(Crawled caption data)
┌────────
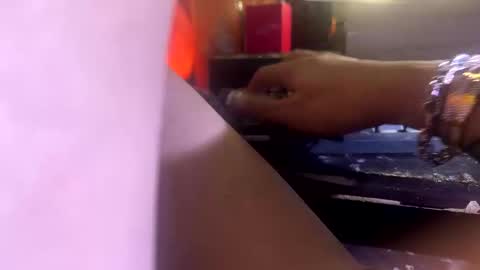 im KIM new girl to spoil online show from 20, 2, 2025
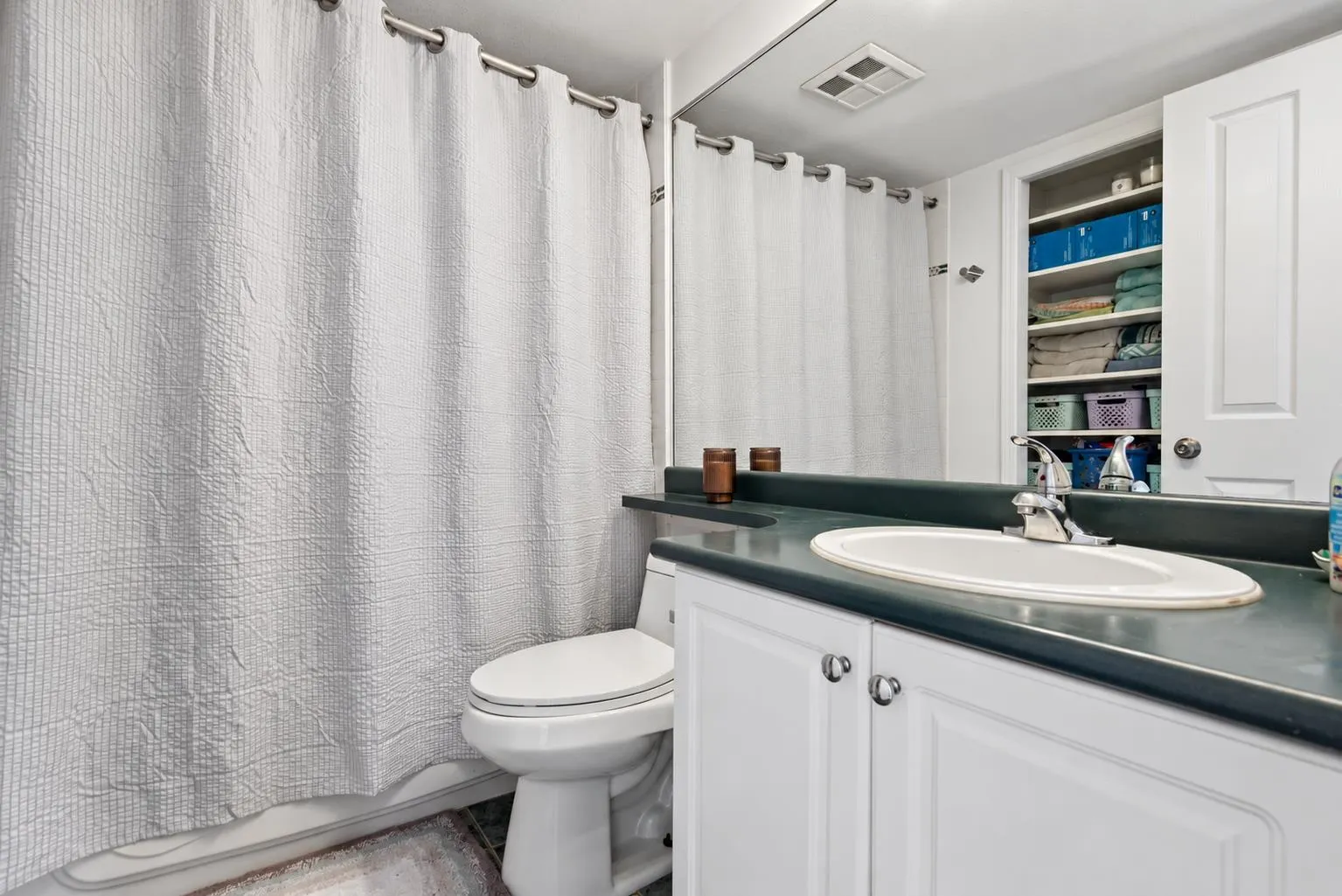 1650 Grant Avenue #207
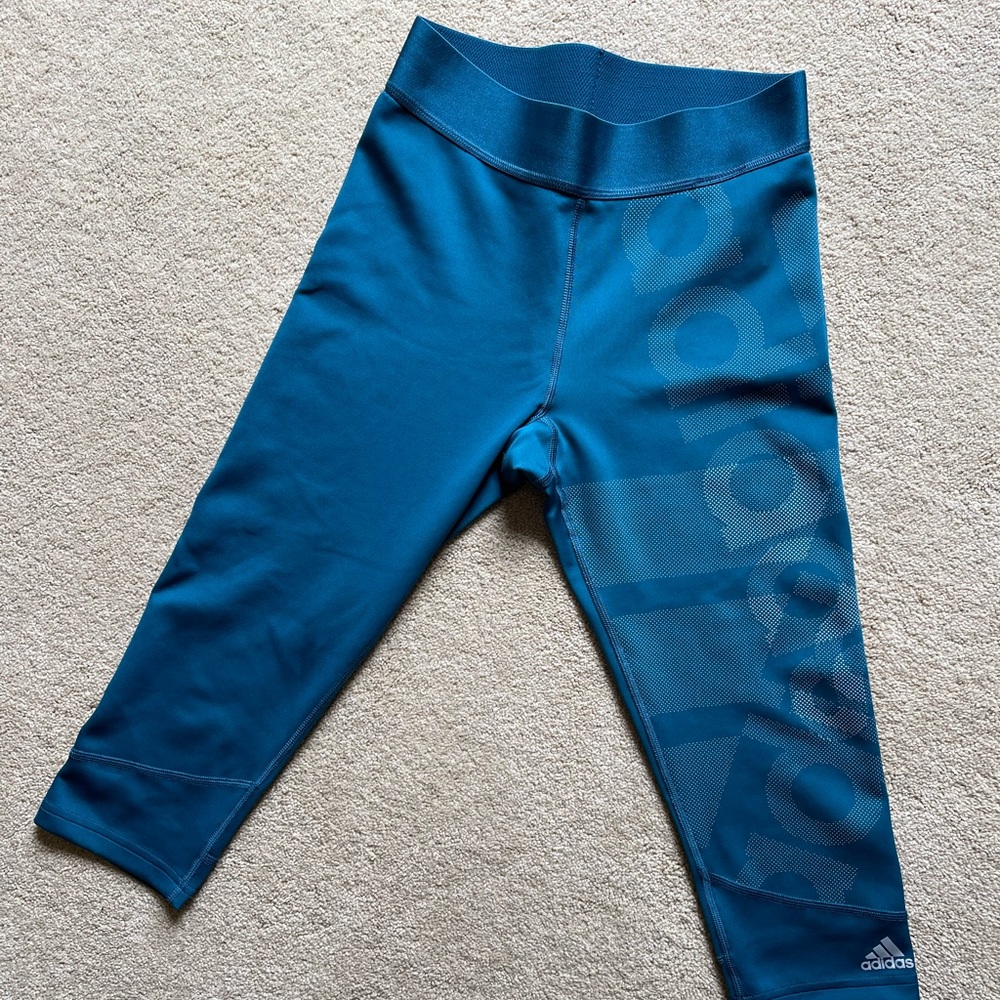 Adidas legging 3/4, size S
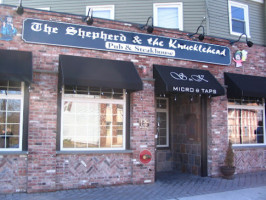 The Shepard And The Knucklehead Pub outside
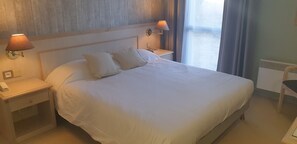 Standaard tweepersoonskamer, tuin | Individueel gedecoreerd, een bureau, een laptopwerkplek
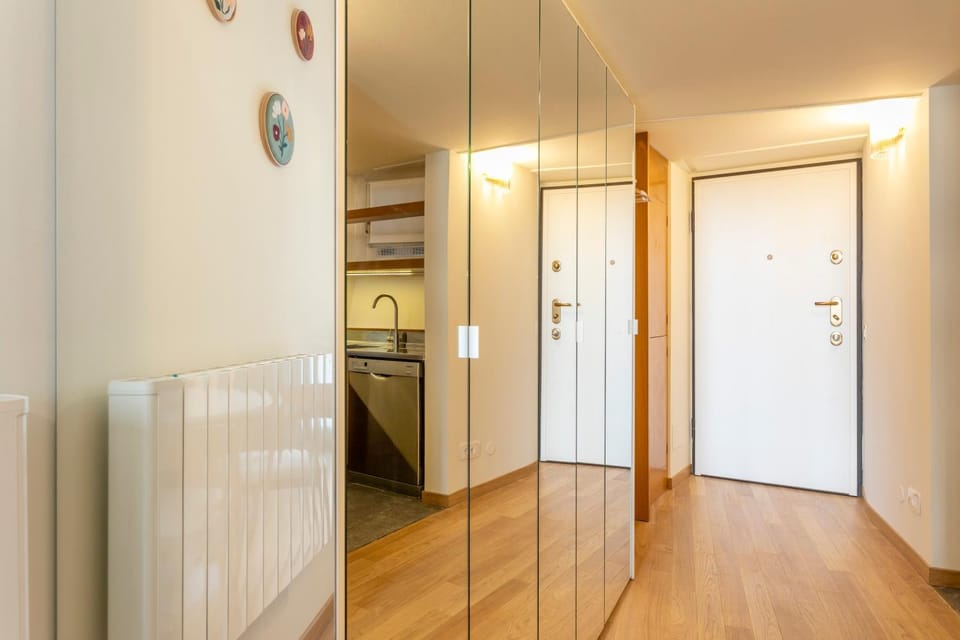 Facade/entrance, wardrobe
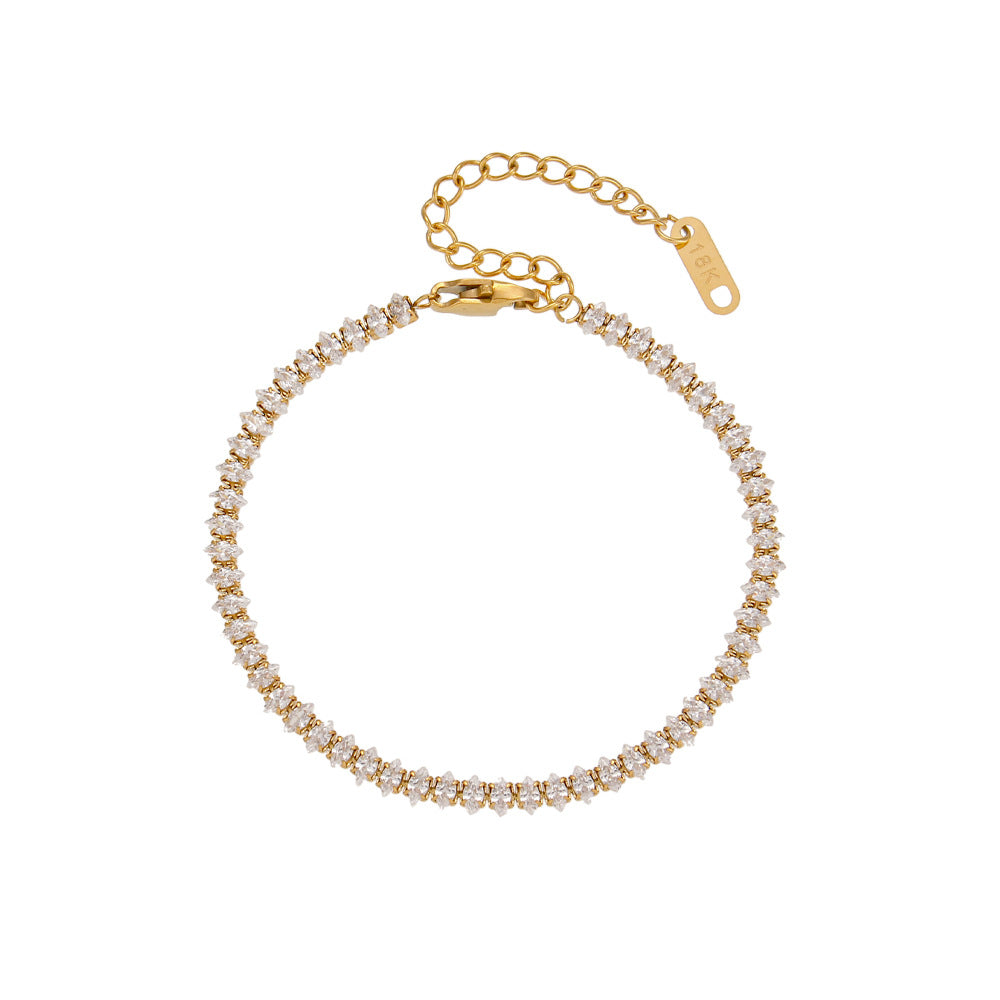Fashionable Geometric Stainless Steel Plated Diamond-Cut Zirconia Clavicle Necklace for Women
└────────
■ PROBLEM STATEMENT ■
Retype the lines exactly as they appear, beginning with the line that contains "Standaard tweepersoonskamer, tuin" and ending with the final line of the entries, and omit the pictures.

■ ANSWER ■
 Standaard tweepersoonskamer, tuin | Individueel gedecoreerd, een bureau, een laptopwerkplek
 Facade/entrance, wardrobe
Fashionable Geometric Stainless Steel Plated Diamond-Cut Zirconia Clavicle Necklace for Women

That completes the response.